Francesco Cavalli

Fondo per la formazione ed il perfezionamento professionale


18 marzo 2009

È con grande piacere che saluto la conclusione positiva di questa odissea iniziata nell’aprile 2005 con la riuscita dell’iniziativa popolare promossa dal partito socialista “Per un fondo per la formazione ed il perfezionamento professionale”. 4 anni sono tanti, ma non me la sento di addossare la responsabilità al governo e alla divisione della formazione professionale che hanno sempre mostrato disponibilità al dialogo e alla trattativa pur nella diversità delle opinioni. Il freno è stato determinato dall’atteggiamento di chiusura della maggioranza della commissione scolastica (quella dello scorso quadriennio) che ha prodotto quello che definisco un non-rapporto che, se approvato, avrebbe reso inevitabile la votazione popolare.
La buona volontà da ambo le parti ci ha portato questo progetto accettabile.
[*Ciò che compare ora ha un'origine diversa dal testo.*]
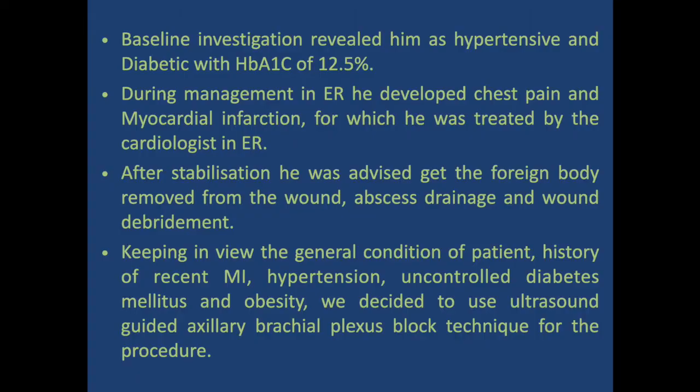Baseline evaluation revealed him as hypertensive and diabetic with a hemoglobin A1c of 12.5%. During management in the ER, he developed chest pain and myocardial infarction, for which he was treated by the cardiologist. After stabilization, he was advised to have the foreign body removed, abscess drained, and wound debridement performed. Keeping in view the patient's history of recent MI, hypertension, uncontrolled diabetes mellitus, and obesity, we decided to use an ultrasound-guided axillary brachial plexus block.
Rispetto al testo legislativo allegato al rapporto di minoranza del 2007 di cui ero relatore le differenze sostanziali sono due:
Rimane il carattere potestativo ma il Governo si è comunque impegnato ad istituire il fondo, ed è stata ridotta nella misura di 3 a 1 l'aliquota sulla massa salariale. Ciò comporterà una minore incisività del fondo, ma mostra la nostra disponibilità al compromesso poiché l’importante è partire per dimostrare al mondo economico dove forse permane un po’ di scetticismo, e al paese la bontà di questa riforma.
Una parentesi: non ho capito la quota dello 0.9 rispettivamente 2.9 invece di 1 e 3 per mille. Un “discount” che confonde solo le idee quando la differenza è di un franco su 10’0000! Parentesi chiusa.
La nostra iniziativa, non si poneva in contrasto a quanto di positivo viene fatto in questo cantone per la formazione professionale; anzi aveva proprio come scopo principale quello di rafforzare ulteriormente questo pilastro fondamentale della nostra offerta formativa.
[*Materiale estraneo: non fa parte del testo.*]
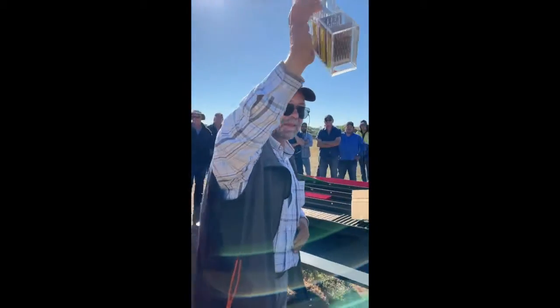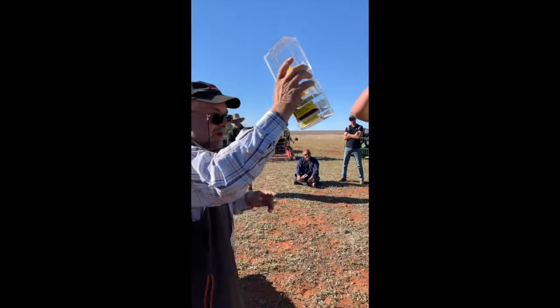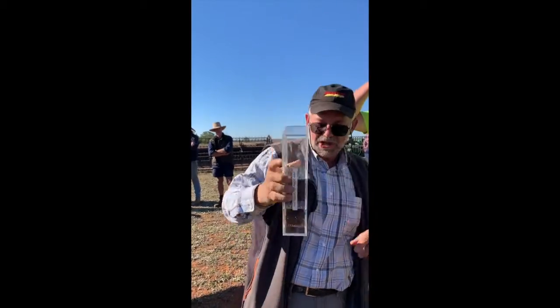Do you see the cracks here? They came out of the grater when he graded it. Where's it come from? And I see some more here. I must shake more.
Il controprogetto oggi in esame giunge in un momento congiunturale difficile, ed è purtroppo facile prevedere che la ricerca di un posto di tirocinio incontrerà ulteriori ostacoli. E allora proprio l’introduzione di questo fondo, che riconosce lo sforzo delle aziende formatrici e chiama anche le altre a contribuire, è più che mai opportuno.
È pur vero che, anno dopo anno, la Divisione per la formazione professionale riesce a sistemare tutti o quasi i richiedenti, ma è verosimile che alcuni essi rinunciano presto a cercare una possibilità di apprendistato optando, senza una vera convinzione, per gli studi liceali. Un tasso di transizione dalla scuola media verso le scuole medie superiori attorno al 40% che è uno dei più alti della Svizzera, può essere apparentemente positivo, ma presenta pure un aspetto preoccupante e allarmante dato dalla quota di insuccessi nelle prime liceo che si avvicina al 30%.
La carenza di posti di tirocinio deriva dal fatto che troppe aziende (l’87%) si sottraggono a quello che dovrebbe essere un loro dovere verso la società e quindi si avvalgono dello sforzo formativo di altri. Tra queste quelle del settore amministrativo e commerciale che hanno ridotto l’offerta e le agenzie di lavoro interinale per le quali la formazione è l’ultima preoccupazione.
Anche il tasso di disoccupazione è in crescita e i segnali non sono certo incoraggianti. È particolarmente preoccupante il fatto che tra i disoccupati troviamo oltre 800 giovani tra i 20 e i 24 anni, ciò che corrisponde al 7.8% della corrispondente popolazione ossia la percentuale più altra tra tutte le fasce d’età.
Sarebbe quindi di grande utilità poter disporre, tramite il fondo, di risorse tali da offrire a questi giovani come ad altri disoccupati occasioni di perfezionamento e riqualificazione professionale.
Il fondo è pure destinato a coprire, almeno parzialmente, le spese di trasferta degli apprendisti, aumentate a seguito della centralizzazione delle sedi SPAI. Sul tema sono pendenti un'iniziativa di UNIA, una petizione SISA e atti parlamentari, che potrebbero così essere evasi.
Mi auguro quindi che questo accordo per l’istituzione del Fondo per la formazione ed il perfezionamento professionale ottenga un largo consenso.